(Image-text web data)
···
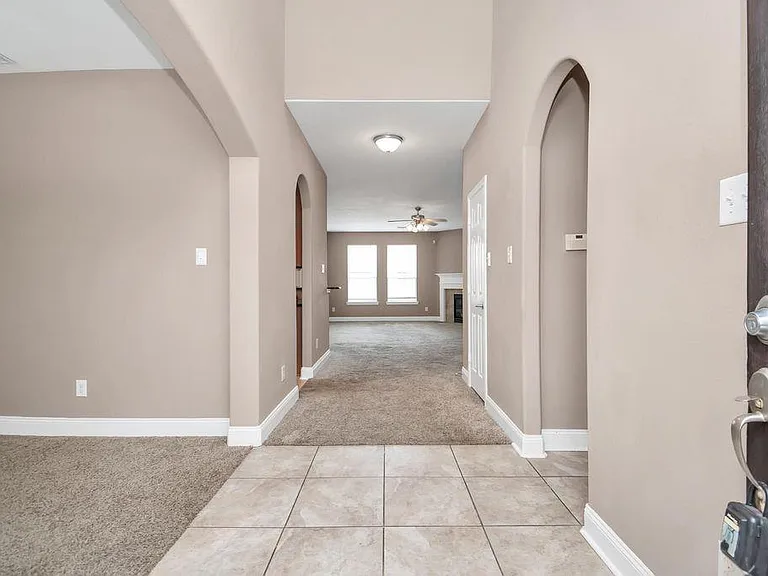 1914 Lenora Ct — Photo 6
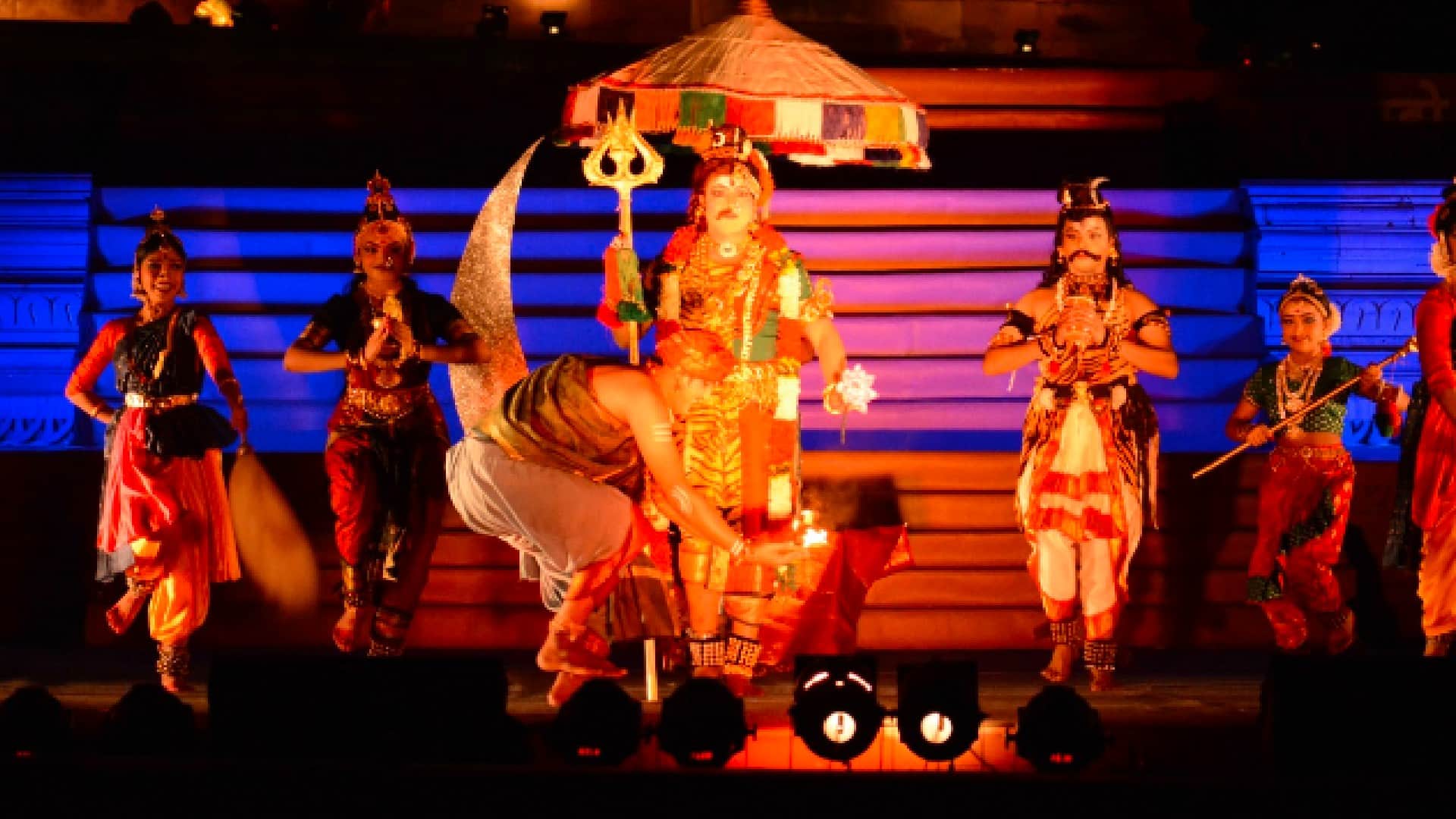 Khajuraho Dance Festival Day 5: Rangila Fagun descended on Khajuraho temples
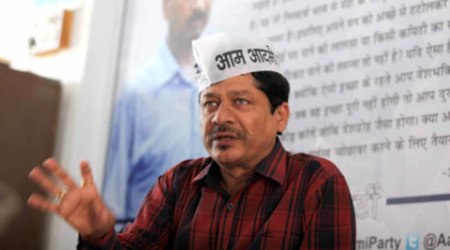 aap candidate death, app candidate car crash, Sunil Kulkarni car crash, app sunil kulkarni, sunil kulkarni death, india news, vadodara news, gujarat news, app news, latest news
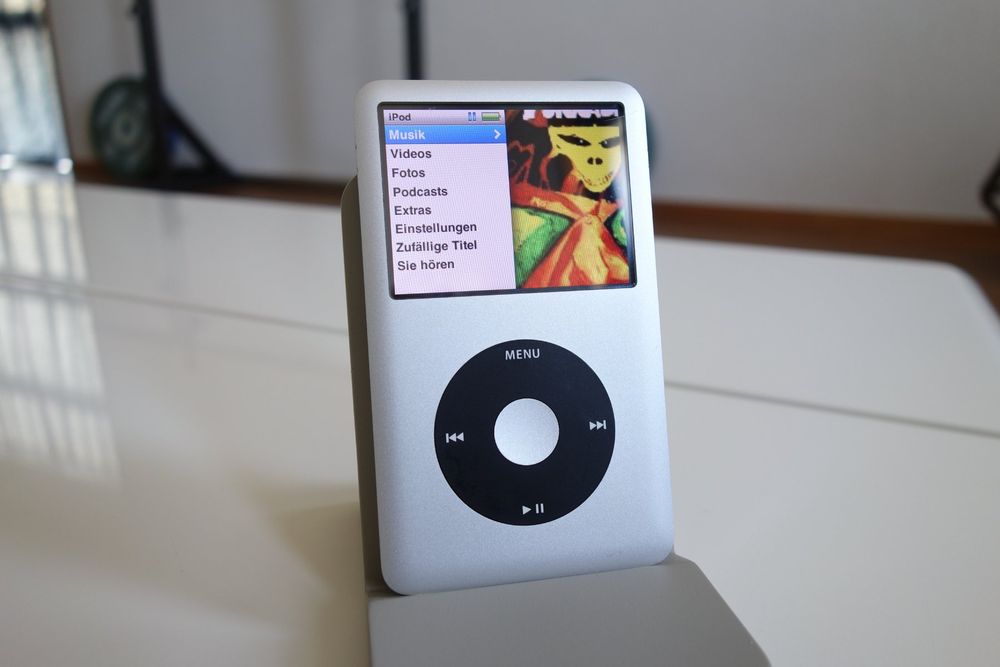 Apple iPod classic 256GB silver and black mit neuem Akku Kaufen auf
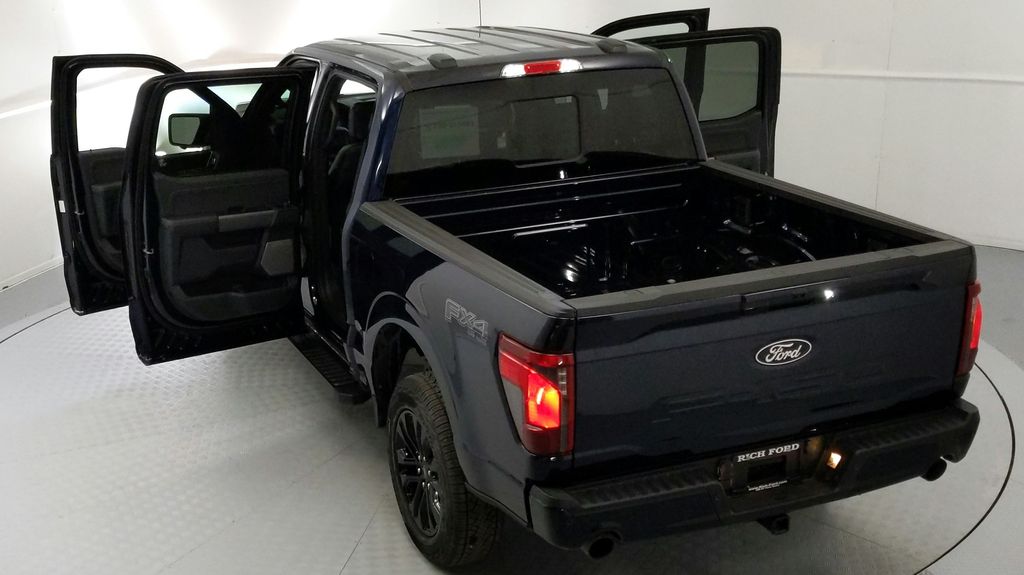 2025 Ford F-150 XLT photo 23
···
None of the pictures should appear; repeat the records exactly otherwise.

Answer to the exercise
 1914 Lenora Ct — Photo 6
 Khajuraho Dance Festival Day 5: Rangila Fagun descended on Khajuraho temples
 aap candidate death, app candidate car crash, Sunil Kulkarni car crash, app sunil kulkarni, sunil kulkarni death, india news, vadodara news, gujarat news, app news, latest news
 Apple iPod classic 256GB silver and black mit neuem Akku Kaufen auf
 2025 Ford F-150 XLT photo 23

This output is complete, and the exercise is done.